• Data section:
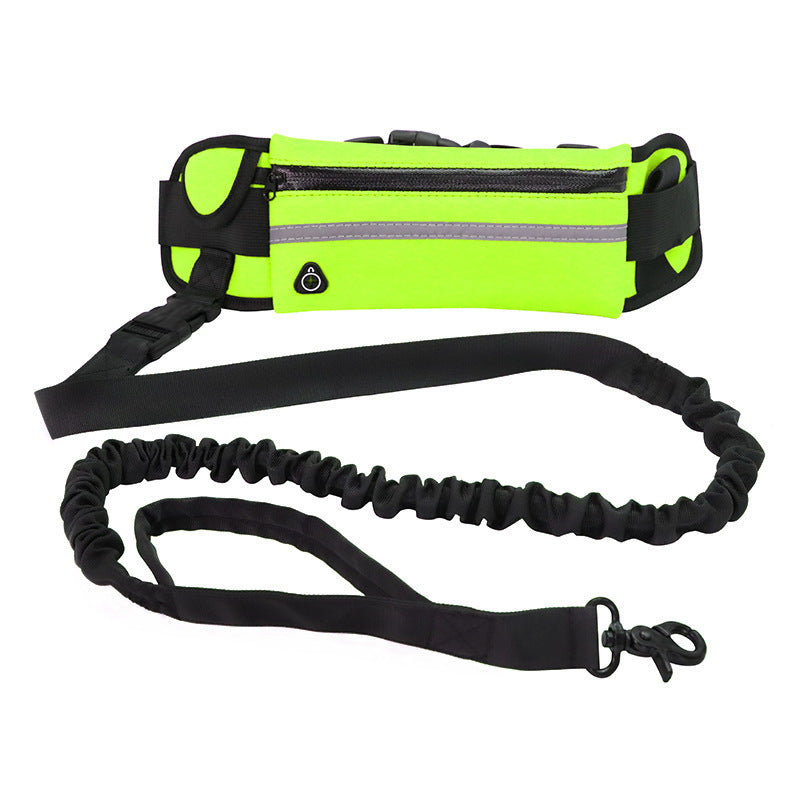 Laisse mains libres pour chien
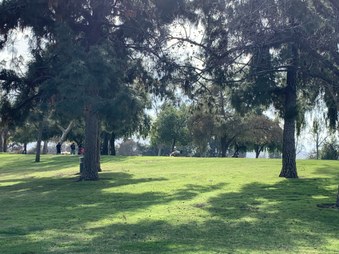 Enlarge photo 32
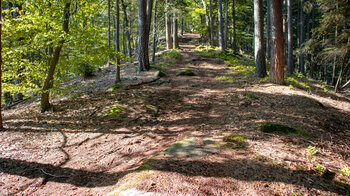 Wanderung auf dem Deutsch-Französischen Burgenweg zum Schlüsselfels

• Exercise brief: Reproduce precisely the lines of the listing above, from the line containing "Enlarge photo 32" to the last line, both ends included. Pictures are to be omitted.

• Solution:
 Enlarge photo 32
 Wanderung auf dem Deutsch-Französischen Burgenweg zum Schlüsselfels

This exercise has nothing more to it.